ScottishPower chief executive Kevin Anderson told a House of Commons hearing on the fuel bills emergency that his firm had had 8000 calls in a week from people worried about paying. While families might get through the summer, “come October, it’s going to get horrific, truly horrific”.

The point is not that these capitalist bosses are going to lead the charge against the government’s criminal policies.

It is that the government’s approach is so short-term, so superficial, so beholden to lobbying by fossil fuel and nuclear interests, that even members of the ruling elite who think about the energy system for their day jobs are in despair.

Once we understand the level of the government’s short-termism, and political corruption, we can confront it more effectively.

How to respond

Clearly, writing reports, giving expert advice and urging the government to do the right thing is not enough. No-one understood this better than Insulate Britain, who last year took direct action such as blocking motorways, to demand:

(1) that the government “fully fund and take responsibility for the insulation of all social housing in Britain by 2025”, and

(2) “a legally-binding national plan to fully fund and take responsibility for the full low-energy and low-carbon whole-house retrofit, with no externalised costs, of all homes in Britain by 2030”.

These demands are 100% correct, in my view. They could form the basis of a big social movement, bringing together people worried about climate change with families facing unpayable heating bills and labour organisations who support a “just transition” away from oil and gas.

But building movements is hard work.

Insulate Britain activists, having bravely defied arrest to highlight this issue, have now moved on to supporting the (equally compelling) demand to “just stop oil” … but without the bedrock of popular support needed to confront the government, its fossil fuel industry backers and its neoliberal ideology.

I am not criticising people who use civil disobedience to demand climate action, who I respect and admire. I am asking: why are they not connecting with a wider social movement, when their cause – home heating as a key to decarbonisation – dovetails so well with the needs of millions of working people?
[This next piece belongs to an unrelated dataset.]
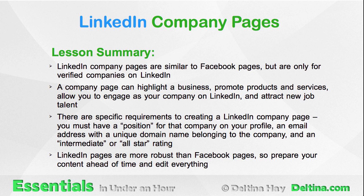There are specific requirements to creating a LinkedIn company page. You must have a position for that company on your profile, an email address with a unique domain name belonging to the company, and an intermediate or all-star rating. LinkedIn pages are more robust than Facebook pages, so prepare your content ahead of time and edit everything.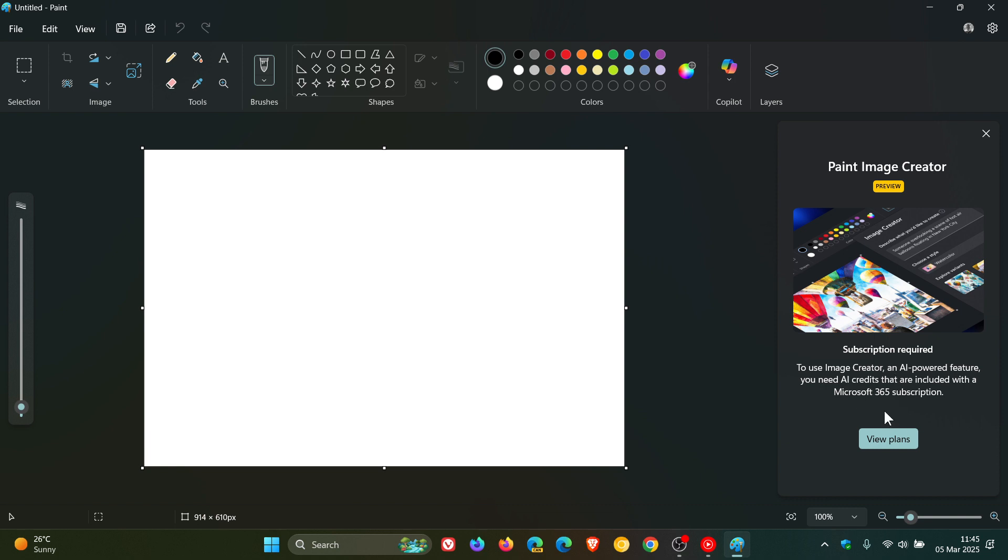I've posted on this previously when Copilot was just Image Creator in the stable version of Microsoft Paint, so I'll leave that video link down below and in the end screen if you'd like more information.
That is a failing by all of us.

Rob Callender of Jubilee Climate points out that climate protest is vulnerable to the “aesthetic of co-option”. He argued:

If the appeal is to the establishment, and the conversation is with the establishment, then you are becoming the establishment.

Against this approach, Callender urged a turn to communities, “with the explicit aim of taking power into local hands, standing up for people in the community”.

What would that “taking power into local hands” look like? In my view, it could include practical actions such as:

□ Organising to protect families who can not pay their fuel bills, as Fuel Poverty Action and the local groups it supports do.

□ Linking climate protest with trade union action for a “just transition”. A good starting-point is the Leeds Trades Union Council’s campaign for retrofit and heat pumps, as an alternative to the pernicious proposals, backed by the fossil fuel industries, to turn the gas network in large parts of northern England over to hydrogen.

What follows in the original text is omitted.